WHAT TO DO:
Every line below must be copied as written, except for pictures.

DATA BELOW:
-*-*-

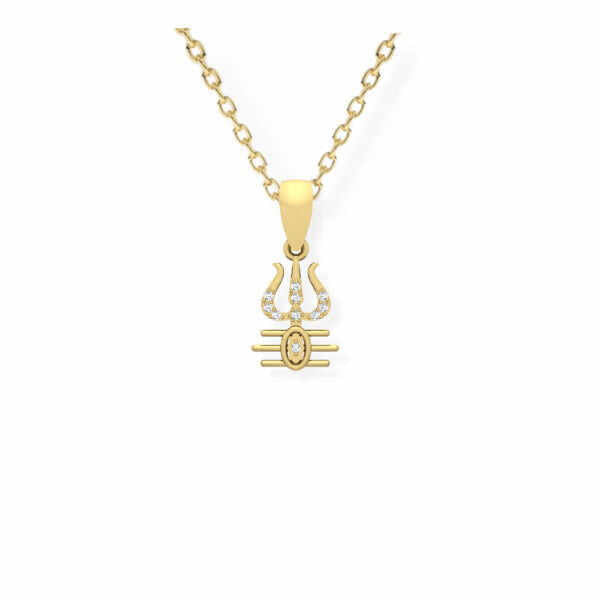 14K Solid Gold Religious Shiva Diamond Pendant - Triple C Diamond's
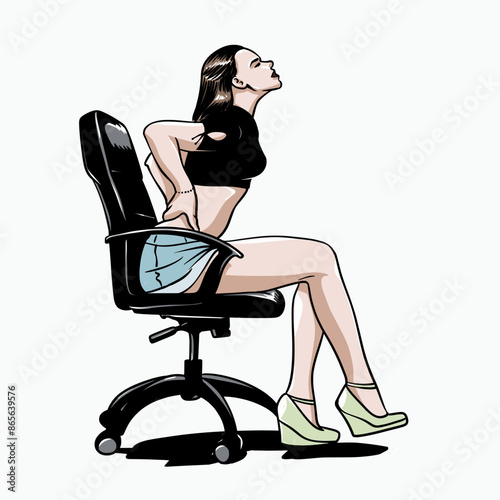 Vector illustration of a girl sitting in an office chair with back pain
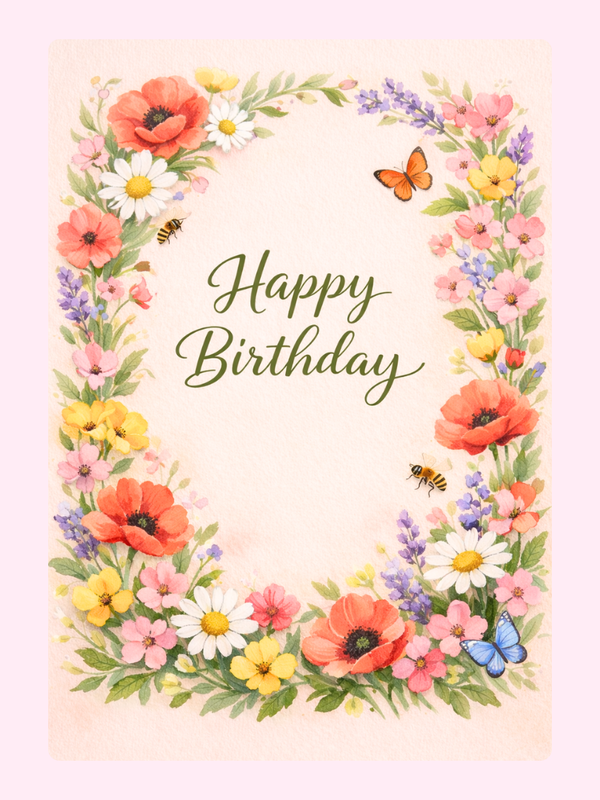 floral wreath birthday cake card by post UK letterbox birthday gift edible greeting card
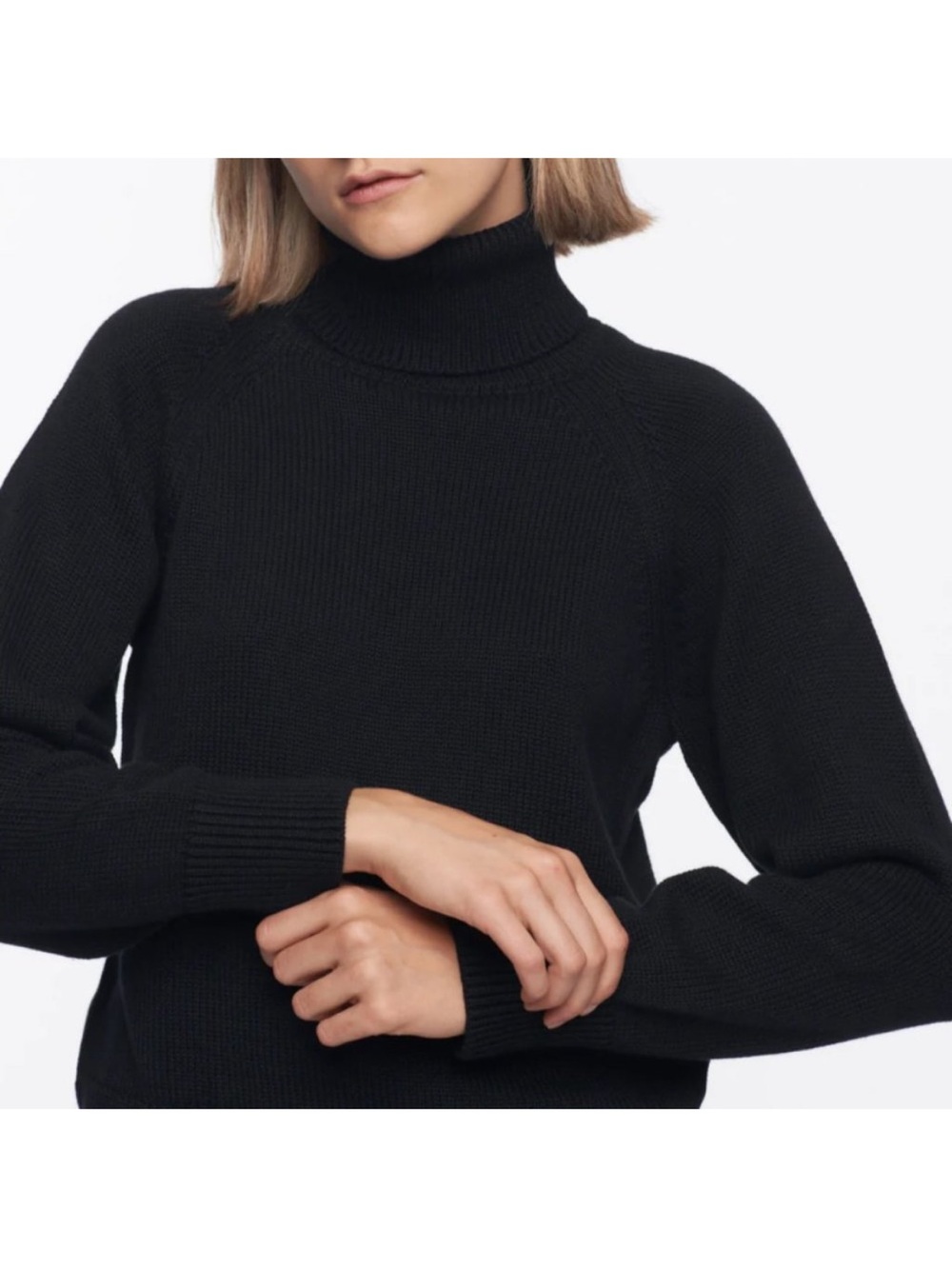 KOTN Knit Black Turtleneck Sweater 100% Cotton Size Small Minimalist Neutral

-*-*-

ANSWER TO THIS PROBLEM:
 14K Solid Gold Religious Shiva Diamond Pendant - Triple C Diamond's
 Vector illustration of a girl sitting in an office chair with back pain
 floral wreath birthday cake card by post UK letterbox birthday gift edible greeting card
 KOTN Knit Black Turtleneck Sweater 100% Cotton Size Small Minimalist Neutral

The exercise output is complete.